The U.S. Department of Education has released two draft reports describing in detail this brave new world of psychological profiling and brain-mapping. The first, "Promoting Grit, Tenacity, and Perseverance,"  discusses the "affective" computing that can analyze students' psychological attributes and emotional states as they interact with the software. The report touts the potential educational value of recording data from posture analysis, skin-conductance sensors, EEG brain-wave patterns, and eye-tracking.

The second report, Expanding Evidence: Approaches for Learning in a Digital World, lauds these programs' psychological data-collection and urges sharing of this data with other "stakeholders" (such as other government agencies) that may have an interest.

The bottom line is that sophisticated programs owned by private corporations are collecting and analyzing highly sensitive data on children – and parents have no idea this is happening.

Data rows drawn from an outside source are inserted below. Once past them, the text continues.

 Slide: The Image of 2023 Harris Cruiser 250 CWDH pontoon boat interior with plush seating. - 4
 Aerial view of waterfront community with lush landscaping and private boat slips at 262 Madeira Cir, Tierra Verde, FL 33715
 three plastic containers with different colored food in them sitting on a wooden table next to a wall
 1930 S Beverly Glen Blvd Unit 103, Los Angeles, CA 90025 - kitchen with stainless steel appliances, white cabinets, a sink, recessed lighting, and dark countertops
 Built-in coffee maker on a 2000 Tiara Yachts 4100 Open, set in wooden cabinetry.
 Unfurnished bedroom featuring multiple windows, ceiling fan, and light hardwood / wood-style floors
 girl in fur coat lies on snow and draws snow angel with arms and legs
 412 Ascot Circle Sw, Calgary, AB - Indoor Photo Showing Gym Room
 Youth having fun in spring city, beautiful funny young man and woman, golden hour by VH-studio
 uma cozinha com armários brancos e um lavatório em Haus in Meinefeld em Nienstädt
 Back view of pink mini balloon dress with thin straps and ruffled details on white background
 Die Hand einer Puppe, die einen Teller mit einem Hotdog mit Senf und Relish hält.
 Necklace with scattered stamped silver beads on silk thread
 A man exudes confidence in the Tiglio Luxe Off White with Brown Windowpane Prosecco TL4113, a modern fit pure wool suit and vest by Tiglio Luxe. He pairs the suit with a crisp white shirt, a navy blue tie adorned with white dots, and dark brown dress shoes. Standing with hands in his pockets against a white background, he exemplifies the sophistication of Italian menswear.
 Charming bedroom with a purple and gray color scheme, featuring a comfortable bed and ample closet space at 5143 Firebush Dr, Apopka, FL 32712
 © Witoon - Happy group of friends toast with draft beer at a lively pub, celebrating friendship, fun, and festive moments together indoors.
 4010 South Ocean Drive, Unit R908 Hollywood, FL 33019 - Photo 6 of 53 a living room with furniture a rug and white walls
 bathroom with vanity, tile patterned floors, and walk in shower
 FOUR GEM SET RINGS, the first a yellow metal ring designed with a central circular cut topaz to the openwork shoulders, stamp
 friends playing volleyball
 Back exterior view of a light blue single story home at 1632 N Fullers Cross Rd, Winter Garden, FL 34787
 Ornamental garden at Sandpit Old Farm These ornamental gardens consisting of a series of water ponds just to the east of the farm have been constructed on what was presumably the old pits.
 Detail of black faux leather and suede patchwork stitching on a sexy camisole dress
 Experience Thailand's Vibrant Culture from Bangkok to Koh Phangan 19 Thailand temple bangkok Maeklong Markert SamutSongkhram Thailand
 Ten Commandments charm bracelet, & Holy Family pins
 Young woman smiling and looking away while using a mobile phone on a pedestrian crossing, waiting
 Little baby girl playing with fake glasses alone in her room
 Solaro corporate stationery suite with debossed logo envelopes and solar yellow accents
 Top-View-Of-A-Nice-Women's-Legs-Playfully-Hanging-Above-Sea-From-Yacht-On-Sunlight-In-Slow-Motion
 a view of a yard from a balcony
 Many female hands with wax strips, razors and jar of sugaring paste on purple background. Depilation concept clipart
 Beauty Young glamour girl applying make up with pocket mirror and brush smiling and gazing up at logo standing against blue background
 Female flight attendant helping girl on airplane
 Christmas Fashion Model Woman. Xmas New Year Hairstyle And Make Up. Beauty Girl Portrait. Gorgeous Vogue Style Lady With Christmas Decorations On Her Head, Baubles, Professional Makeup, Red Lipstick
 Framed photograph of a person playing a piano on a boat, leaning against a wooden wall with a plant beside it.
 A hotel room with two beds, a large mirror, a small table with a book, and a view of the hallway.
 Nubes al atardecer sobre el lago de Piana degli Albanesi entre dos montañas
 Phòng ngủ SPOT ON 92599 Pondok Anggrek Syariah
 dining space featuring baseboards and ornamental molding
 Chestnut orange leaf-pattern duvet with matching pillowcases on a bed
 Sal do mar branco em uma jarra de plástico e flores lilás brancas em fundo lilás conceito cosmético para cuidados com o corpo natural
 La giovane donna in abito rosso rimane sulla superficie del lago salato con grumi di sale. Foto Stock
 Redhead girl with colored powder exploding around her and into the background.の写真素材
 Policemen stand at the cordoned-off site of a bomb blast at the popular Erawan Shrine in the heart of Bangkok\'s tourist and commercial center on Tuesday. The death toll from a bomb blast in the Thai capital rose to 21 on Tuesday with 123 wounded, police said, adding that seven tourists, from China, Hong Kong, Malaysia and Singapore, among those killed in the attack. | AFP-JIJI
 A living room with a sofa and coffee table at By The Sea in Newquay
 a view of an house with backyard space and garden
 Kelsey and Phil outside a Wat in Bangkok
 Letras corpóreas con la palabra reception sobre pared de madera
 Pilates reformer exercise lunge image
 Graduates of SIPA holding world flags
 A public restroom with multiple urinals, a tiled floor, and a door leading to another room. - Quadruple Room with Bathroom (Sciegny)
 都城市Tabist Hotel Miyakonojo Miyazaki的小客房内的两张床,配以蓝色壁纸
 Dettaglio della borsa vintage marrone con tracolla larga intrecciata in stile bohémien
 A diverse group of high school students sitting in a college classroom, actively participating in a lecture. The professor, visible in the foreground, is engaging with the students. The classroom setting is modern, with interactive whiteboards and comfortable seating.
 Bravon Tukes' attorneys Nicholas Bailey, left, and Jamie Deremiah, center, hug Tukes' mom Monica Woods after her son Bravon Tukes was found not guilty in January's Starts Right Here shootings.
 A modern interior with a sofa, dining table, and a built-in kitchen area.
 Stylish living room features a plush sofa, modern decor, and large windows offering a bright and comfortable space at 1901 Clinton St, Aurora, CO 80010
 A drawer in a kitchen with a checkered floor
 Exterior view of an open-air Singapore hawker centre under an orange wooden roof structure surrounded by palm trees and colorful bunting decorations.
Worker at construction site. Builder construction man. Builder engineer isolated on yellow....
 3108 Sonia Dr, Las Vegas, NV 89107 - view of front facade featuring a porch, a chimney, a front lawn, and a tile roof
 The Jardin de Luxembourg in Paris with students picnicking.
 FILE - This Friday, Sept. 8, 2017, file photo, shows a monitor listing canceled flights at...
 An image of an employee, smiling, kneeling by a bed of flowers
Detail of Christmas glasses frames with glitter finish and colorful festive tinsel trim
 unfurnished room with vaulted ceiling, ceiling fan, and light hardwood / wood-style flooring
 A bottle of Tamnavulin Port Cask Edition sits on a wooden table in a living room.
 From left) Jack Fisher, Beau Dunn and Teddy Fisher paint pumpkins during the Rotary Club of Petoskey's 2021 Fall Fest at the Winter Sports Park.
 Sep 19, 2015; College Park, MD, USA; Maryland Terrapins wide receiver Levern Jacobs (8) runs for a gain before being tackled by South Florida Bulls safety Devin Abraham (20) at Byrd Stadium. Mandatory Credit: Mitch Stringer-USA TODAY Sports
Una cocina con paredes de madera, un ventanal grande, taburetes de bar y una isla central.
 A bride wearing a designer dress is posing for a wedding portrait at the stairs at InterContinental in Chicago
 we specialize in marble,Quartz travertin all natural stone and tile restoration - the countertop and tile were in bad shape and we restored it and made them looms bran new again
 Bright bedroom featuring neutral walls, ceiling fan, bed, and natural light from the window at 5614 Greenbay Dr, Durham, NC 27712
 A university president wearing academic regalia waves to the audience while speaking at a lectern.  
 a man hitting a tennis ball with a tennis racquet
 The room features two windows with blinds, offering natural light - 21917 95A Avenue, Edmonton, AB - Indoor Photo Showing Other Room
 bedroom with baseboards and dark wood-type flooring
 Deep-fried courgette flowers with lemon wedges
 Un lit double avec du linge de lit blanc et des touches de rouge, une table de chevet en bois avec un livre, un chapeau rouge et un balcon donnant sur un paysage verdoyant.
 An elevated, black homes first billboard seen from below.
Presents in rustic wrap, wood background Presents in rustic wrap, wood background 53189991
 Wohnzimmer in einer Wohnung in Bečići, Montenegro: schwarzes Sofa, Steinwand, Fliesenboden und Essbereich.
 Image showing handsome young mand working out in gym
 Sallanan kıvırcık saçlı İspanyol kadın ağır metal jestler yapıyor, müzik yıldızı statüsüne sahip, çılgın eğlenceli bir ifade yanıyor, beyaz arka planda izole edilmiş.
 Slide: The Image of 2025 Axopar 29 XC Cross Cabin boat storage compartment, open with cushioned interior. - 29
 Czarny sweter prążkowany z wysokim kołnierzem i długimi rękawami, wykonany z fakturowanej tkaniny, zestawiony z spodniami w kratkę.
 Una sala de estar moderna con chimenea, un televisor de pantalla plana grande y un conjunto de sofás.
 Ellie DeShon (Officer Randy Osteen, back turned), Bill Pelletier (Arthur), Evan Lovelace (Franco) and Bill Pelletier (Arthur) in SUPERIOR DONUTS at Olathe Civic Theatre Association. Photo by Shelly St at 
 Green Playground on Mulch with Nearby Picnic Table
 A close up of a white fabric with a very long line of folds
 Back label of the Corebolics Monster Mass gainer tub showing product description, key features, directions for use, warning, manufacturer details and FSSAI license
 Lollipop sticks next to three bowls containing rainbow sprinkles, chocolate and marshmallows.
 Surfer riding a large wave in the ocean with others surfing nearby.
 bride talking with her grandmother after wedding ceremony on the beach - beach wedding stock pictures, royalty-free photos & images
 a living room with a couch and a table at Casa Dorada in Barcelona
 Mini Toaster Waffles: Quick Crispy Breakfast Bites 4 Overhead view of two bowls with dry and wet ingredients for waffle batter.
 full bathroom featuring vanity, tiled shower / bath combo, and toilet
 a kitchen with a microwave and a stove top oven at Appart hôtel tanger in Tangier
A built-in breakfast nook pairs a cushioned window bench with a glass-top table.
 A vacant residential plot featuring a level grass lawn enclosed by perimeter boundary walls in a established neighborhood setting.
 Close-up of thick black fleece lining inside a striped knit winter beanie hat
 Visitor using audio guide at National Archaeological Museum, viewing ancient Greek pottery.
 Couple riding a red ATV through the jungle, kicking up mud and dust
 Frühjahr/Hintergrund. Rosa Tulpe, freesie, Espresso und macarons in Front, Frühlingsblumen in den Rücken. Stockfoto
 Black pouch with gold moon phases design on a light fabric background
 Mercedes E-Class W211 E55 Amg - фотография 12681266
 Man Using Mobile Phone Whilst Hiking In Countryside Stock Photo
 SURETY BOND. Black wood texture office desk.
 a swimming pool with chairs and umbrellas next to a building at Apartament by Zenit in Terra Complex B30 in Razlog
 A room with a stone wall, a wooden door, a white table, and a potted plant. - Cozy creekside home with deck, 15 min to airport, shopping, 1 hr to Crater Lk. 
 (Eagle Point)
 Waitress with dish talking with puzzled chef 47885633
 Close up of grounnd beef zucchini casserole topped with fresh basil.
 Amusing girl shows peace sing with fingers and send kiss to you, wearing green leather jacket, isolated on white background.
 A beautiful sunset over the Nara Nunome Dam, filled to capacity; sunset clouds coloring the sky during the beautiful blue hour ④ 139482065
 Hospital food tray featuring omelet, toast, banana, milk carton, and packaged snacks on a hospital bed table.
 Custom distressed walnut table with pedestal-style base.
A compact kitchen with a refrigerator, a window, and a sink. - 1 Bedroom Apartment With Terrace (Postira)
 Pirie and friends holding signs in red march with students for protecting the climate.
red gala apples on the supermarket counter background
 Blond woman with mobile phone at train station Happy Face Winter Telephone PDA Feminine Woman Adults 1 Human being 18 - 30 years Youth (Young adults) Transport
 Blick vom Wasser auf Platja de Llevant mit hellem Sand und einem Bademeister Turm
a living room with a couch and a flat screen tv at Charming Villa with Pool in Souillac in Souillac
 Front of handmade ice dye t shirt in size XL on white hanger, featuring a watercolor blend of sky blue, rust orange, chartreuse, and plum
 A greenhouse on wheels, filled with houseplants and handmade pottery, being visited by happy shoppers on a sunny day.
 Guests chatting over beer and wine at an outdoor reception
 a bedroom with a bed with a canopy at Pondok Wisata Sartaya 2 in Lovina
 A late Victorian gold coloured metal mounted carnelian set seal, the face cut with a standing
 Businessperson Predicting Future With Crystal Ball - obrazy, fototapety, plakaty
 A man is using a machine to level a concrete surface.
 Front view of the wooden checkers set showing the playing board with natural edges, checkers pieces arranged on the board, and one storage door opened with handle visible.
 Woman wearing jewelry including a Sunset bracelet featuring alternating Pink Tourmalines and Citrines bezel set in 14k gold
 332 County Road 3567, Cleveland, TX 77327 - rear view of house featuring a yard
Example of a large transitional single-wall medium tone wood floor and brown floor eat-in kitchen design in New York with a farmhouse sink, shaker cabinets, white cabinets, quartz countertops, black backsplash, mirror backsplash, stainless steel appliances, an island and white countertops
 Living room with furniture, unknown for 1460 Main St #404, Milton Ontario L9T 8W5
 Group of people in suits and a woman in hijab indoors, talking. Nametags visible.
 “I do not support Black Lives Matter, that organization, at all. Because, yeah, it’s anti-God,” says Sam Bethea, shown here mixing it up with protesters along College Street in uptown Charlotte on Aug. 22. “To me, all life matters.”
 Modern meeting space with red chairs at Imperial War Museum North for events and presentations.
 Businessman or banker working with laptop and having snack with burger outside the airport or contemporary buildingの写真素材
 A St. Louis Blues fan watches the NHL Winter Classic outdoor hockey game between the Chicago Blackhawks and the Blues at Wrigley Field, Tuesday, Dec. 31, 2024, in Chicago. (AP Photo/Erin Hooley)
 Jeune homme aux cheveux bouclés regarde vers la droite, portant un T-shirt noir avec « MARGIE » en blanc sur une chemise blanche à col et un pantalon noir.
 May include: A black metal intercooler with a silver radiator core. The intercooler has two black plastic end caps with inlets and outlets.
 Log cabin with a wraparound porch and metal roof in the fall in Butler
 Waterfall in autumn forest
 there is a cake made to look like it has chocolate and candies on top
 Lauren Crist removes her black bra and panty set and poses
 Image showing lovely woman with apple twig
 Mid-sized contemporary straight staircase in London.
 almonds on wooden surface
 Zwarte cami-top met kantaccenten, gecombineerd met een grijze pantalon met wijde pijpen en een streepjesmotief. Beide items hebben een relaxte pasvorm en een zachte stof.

Nor do parents know how this data may be used in the future. The corporation may use the data for its own benefit, perhaps for developing new products. And with the “longitudinal data system” that tracks Georgia students from preschool to the workforce, imagine the breadth of such a psychological profile and the future value to certain entities – employers, law enforcement, etc. If the data exists, it’s only reasonable to assume it will be used, and perhaps in ways parents would object to.

The issue here goes far beyond data security. It is whether the government and private companies have any right to collect this highly sensitive data in the first place. SB 281 merely lets parents.know when this is happening. Who could object to that?